Life in Kiev is suspended between war and the mirage of normality

For the past few months, Kyiv has returned to “normalcy,” although living here still requires some precautions.

To find an apartment, for example, it’s not enough just to use a real estate agency – if you have the means to do so, it would be better to contact a security expert, someone with a military background who would visit the house, knock on the walls, look at the floor plan, examine the balcony and make all kinds of inspections. In general, it is not advisable to live on high floors, in buildings without shelters or in the “red zone”: in the neighborhoods of ministries, power plants or military bases. In short, you find yourself asking neighborhood residents about whether or not there is an underground shelter there. Out of context, this makes for a rather surreal scene: “Hello, do you mind if I ask, where’s the bakery, the supermarket and the bomb shelter?”
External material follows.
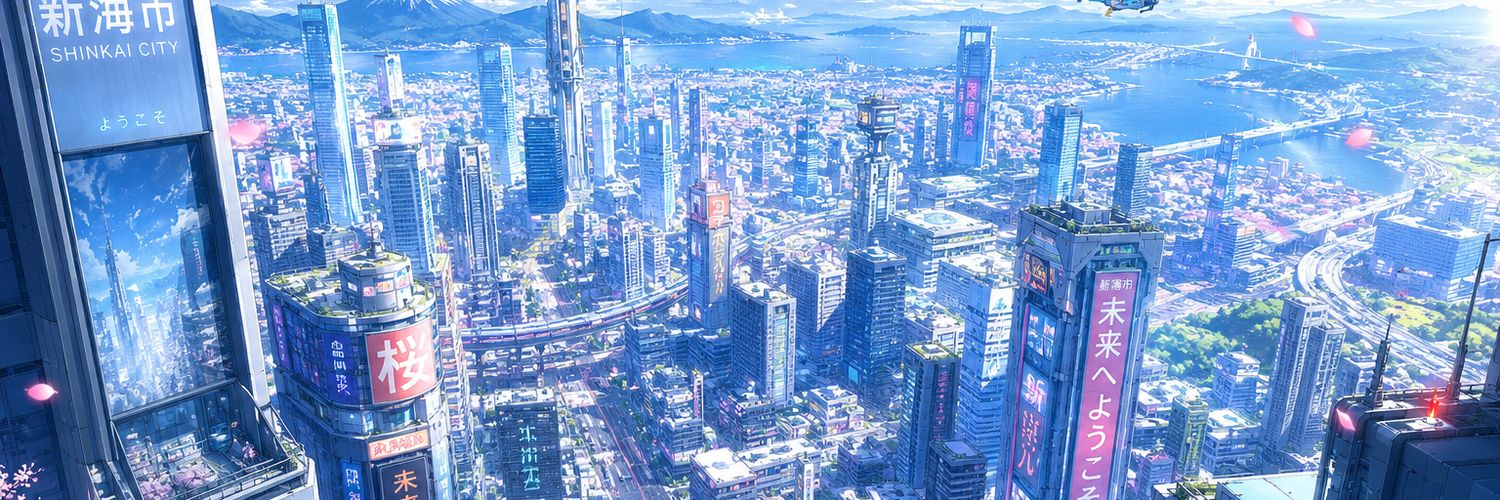 Patymendoncaevc's profile banner image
Kyiv is completely oriented towards the Western world, welcoming it in the form of business models and the capitalist lifestyle. It is a city on the rise, in no way lacking compared to a European or U.S. metropolis, but at the same time one can see the echoes of socialism in the urban structure, in the prevalence of public spaces. Here, stores don’t just face the streets, but are also found in the courtyards of buildings, which are open to pedestrian traffic. After living in Kyiv for a while, one begins to find shortcuts between the buildings, where one comes across small stores of all kinds; there are also many “hidden” nightclubs. A neon sign, an arrow drawn on the wall, a colored lightbulb are enough to make it clear that behind the door of a basement there is a bar or a disco, where you can dance and drink until the midnight curfew, and if an air raid goes off there’s no need to run anywhere else for cover, because you’re already underground.

The patrons are young men of conscription age: the group in the least enviable position in the world right now. The dumbest question you can ask them is, “Aren’t you afraid that one day they’ll put a rifle in your hand and send you to the front?” Everyone will answer that they’re actually looking forward to it, because they love Ukraine and want to do something for their country; but between the lines, the real answer (and it would be absurd for it to be any other way) is that they’re scared out of their minds. After a few beers, one will confess that he wants to cut off one of his fingers to escape, another is afraid that the police will catch him smoking a joint and he will go to the top of the list to be sent to the front. In short, that’s one of the uses that are made of war: behave or you’ll be sent to the front.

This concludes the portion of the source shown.